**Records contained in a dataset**
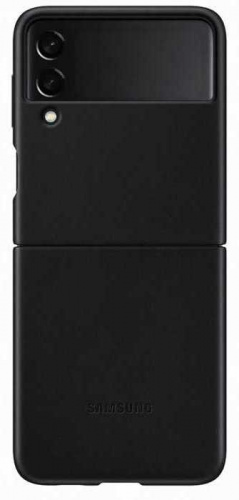 Чехол (клип-кейс) Samsung для Samsung Galaxy Z Flip3 Leather Cover черный (EF-VF711LBEGRU) фото 4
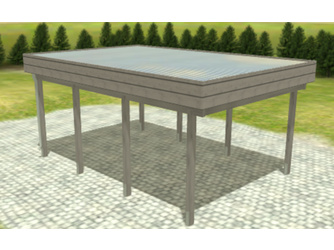 Carport Variant 4 x 5,5 KDG grau GT Carport Variant 4 x 5,5 KDG grau GT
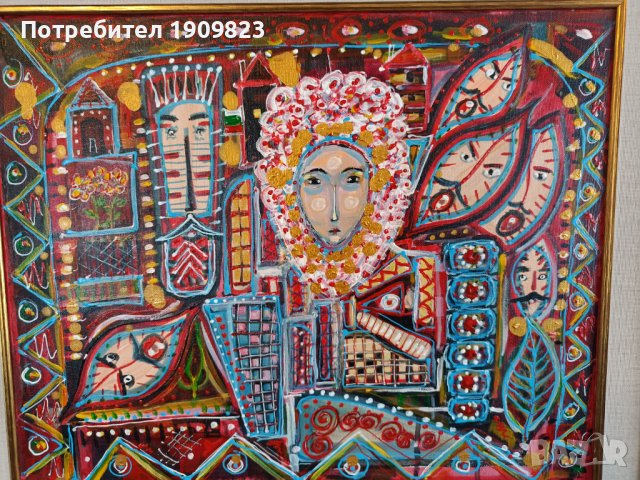 Маслена картина, снимка 4 - Картини - 41350763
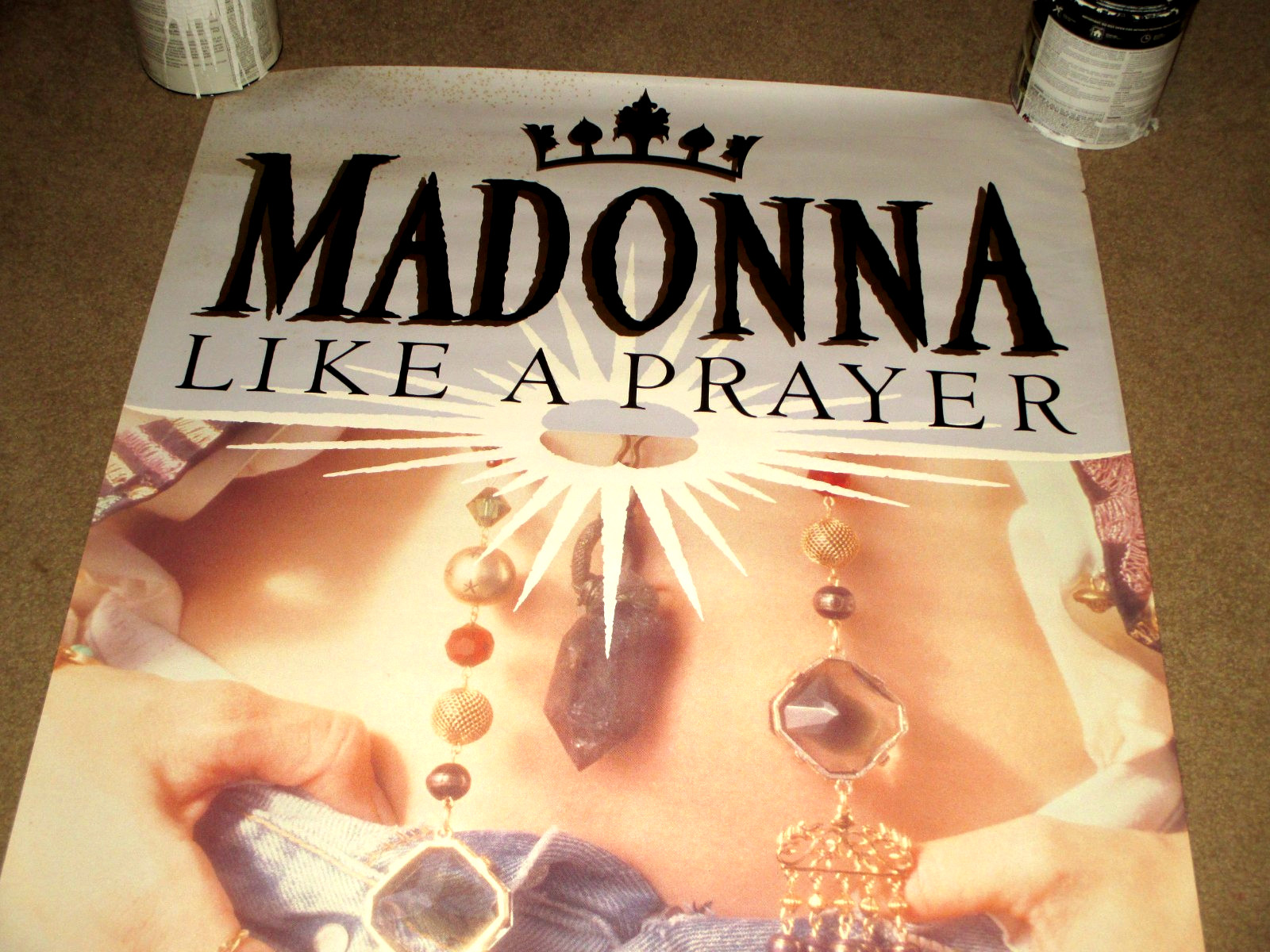 1988-MADONNA-LIKE A PRAYER- SUBWAY- POSTER-SIGN-RECORD MUSIC STORE DISPLAY-60″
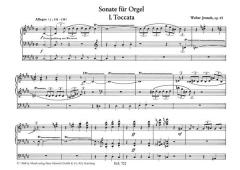 Sonate op. 45 von Walter Jentsch für Orgel im Alle Noten Shop kaufen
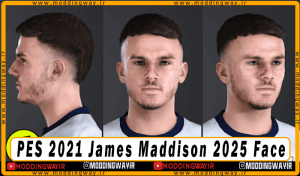 فیس James Maddison برای PES 2021 - آپدیت 28 فروردین 1404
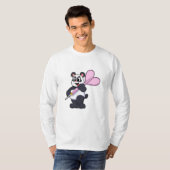 Panda in Darts met Dart T-shirt (Voorkant volledig)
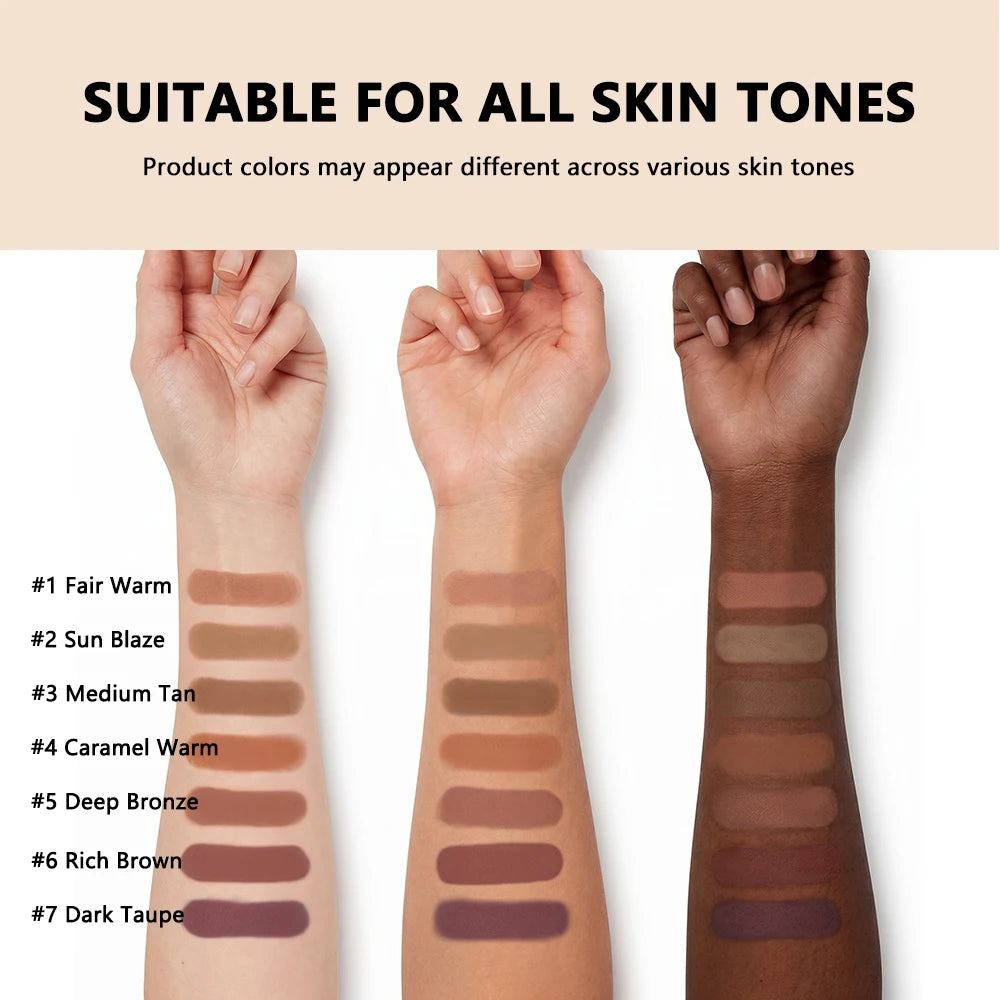 Soft Matte Bronzer Powder for Natural Contouring - 6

**Assignment**
Could you repeat, exactly and with nothing else, the lines from the one containing "Carport Variant 4 x 5,5 KDG grau GT Carport" through the last line of the records above, leaving out the pictures?

**Response area**
 Carport Variant 4 x 5,5 KDG grau GT Carport Variant 4 x 5,5 KDG grau GT
 Маслена картина, снимка 4 - Картини - 41350763
 1988-MADONNA-LIKE A PRAYER- SUBWAY- POSTER-SIGN-RECORD MUSIC STORE DISPLAY-60″
 Sonate op. 45 von Walter Jentsch für Orgel im Alle Noten Shop kaufen
 فیس James Maddison برای PES 2021 - آپدیت 28 فروردین 1404
 Panda in Darts met Dart T-shirt (Voorkant volledig)
 Soft Matte Bronzer Powder for Natural Contouring - 6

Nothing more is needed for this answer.